Thanks, it worked. I want to mention something in your code. In line 72 of 'stochastic_depth_resnet.py', when the device does not have a GPU, GPUtil.getAvailable returns []. In this case, GPUtil.getAvailable()[0] does not exist and your code gives an error. I fixed it in my system by just using gpu_device=str(0) instead.

aminnayebi commented 5 years ago

I have another general question. It seems that both codes of "cifar10_weight.py" and "stochastic_depth_resnet.py" are the same. Is it correct? Are you saying that both of these codes (which seem are the same) are not complete yet and I cannot use them? Since I faced another error, first I want to know that is it worth that I keep going and try to fix them?

ChangYong-Oh commented 5 years ago

cifar10_weight.py is not complete code. stochastic_depth_resnet.py was used to make the number in the paper. Using stochastic_depth_resnet.py should be fine. But the info about stochastic_depth_resnet.py is not complete yet. you can ask me questions about that.

aminnayebi commented 5 years ago

Thanks. Let me first ask a question about mnist_weight. I am running your code with test function "mnist_weight" on a GPU node. The code starts sampling 2 points but it is stuck in "Acquisition function optimization with 2 inits" step for 2 hours and does not proceed. Is it natural, or I am doing something wrong?

ChangYong-Oh commented 5 years ago

It shouldn't take that long. evaluation of mnist_weight shows progressbar

aminnayebi commented 5 years ago

Could you please take a look at this screenshot. It might show something that I am doing wrong?

image

After 2 hours, it shows no progress in the algorithm and the log files folder is empty. I tested the algorithm for Branin function, and it worked well. But when I am using the mnist_weight function, it is stuck.

ChangYong-Oh commented 5 years ago

This looks OK. It seems like acquisition function optimization takes that long, which is a bit weird.

aminnayebi commented 5 years ago

Hi,

I am using the mnist_weight function, and I am facing an error. The error is:

Traceback (most recent call last): File "HyperSphere/HyperSphere/BO/run_BO.py", line 248, in print(BO(**vars(args))) File "HyperSphere/HyperSphere/BO/run_BO.py", line 172, in BO output = torch.cat([output, func(x_input[-1]).resize(1, 1)]) AttributeError: 'torch.FloatTensor' object has no attribute 'resize'

It seems that the output of the mnist_weight function is different from what run_BO.py expects. How can I fix this problem?
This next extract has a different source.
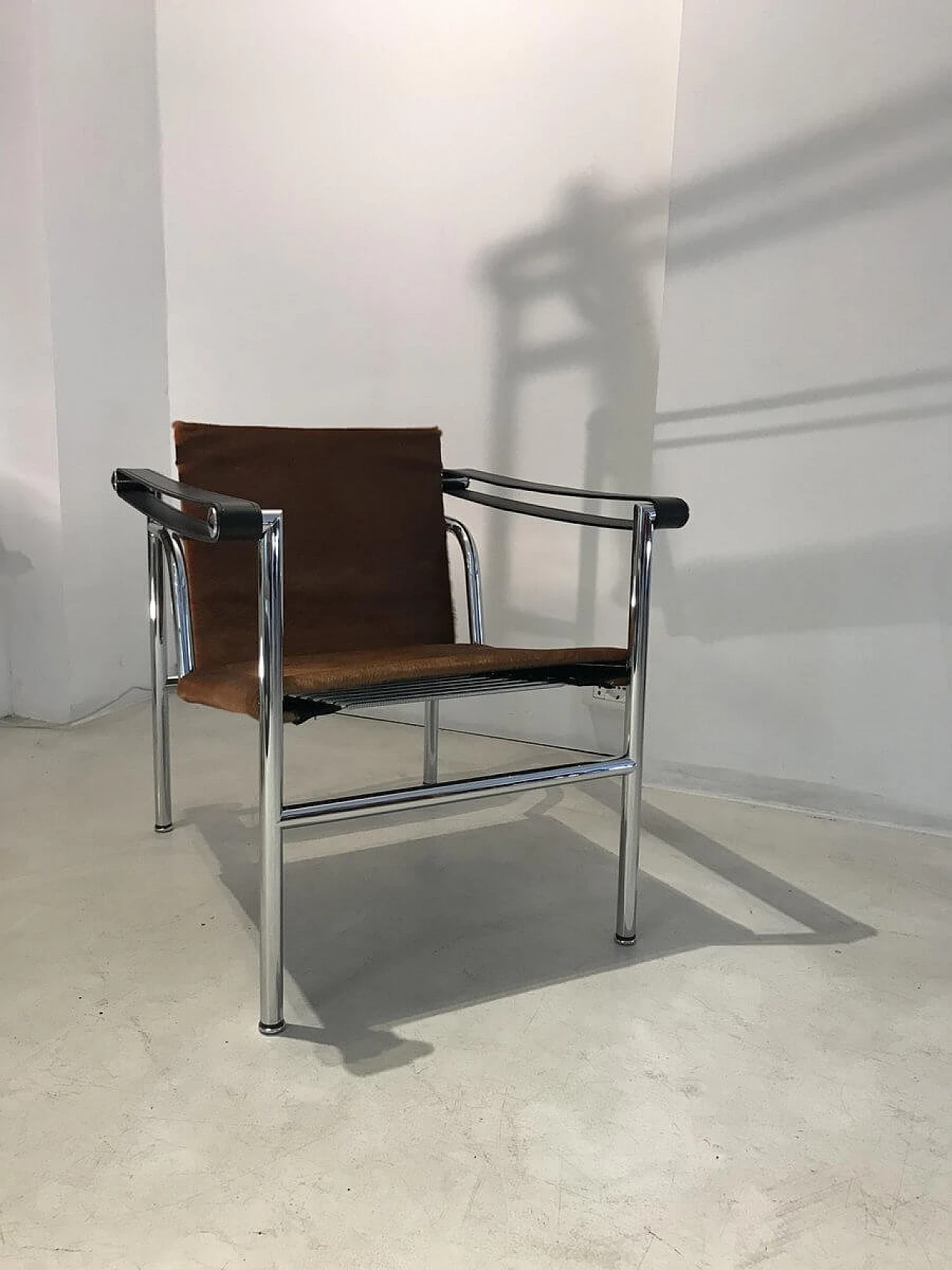 LC1 armchair in chrome-plated steel and cowhide by Le Corbusier for Cassina, 70s 1369292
ChangYong-Oh commented 5 years ago

Can you try resize_ ?? with underscore

aminnayebi commented 5 years ago

Ok, I tried that. For mnist_weight test function, I get this error:

output = torch.cat([output, func(xinput[-1]).resize(1, 1)]) RuntimeError: expected Variable as element 1 in argument 0, but got list

And for other test fucntions such as Branin, I get this error:

output = torch.cat([output, func(xinput[-1]).resize(1, 1)]) AttributeError: 'Variable' object has no attribute 'resize_'

ChangYong-Oh commented 5 years ago

how about .view(1, 1)?

aminnayebi commented 5 years ago

It works for Branin function, but the error for mnist_weight is still the same.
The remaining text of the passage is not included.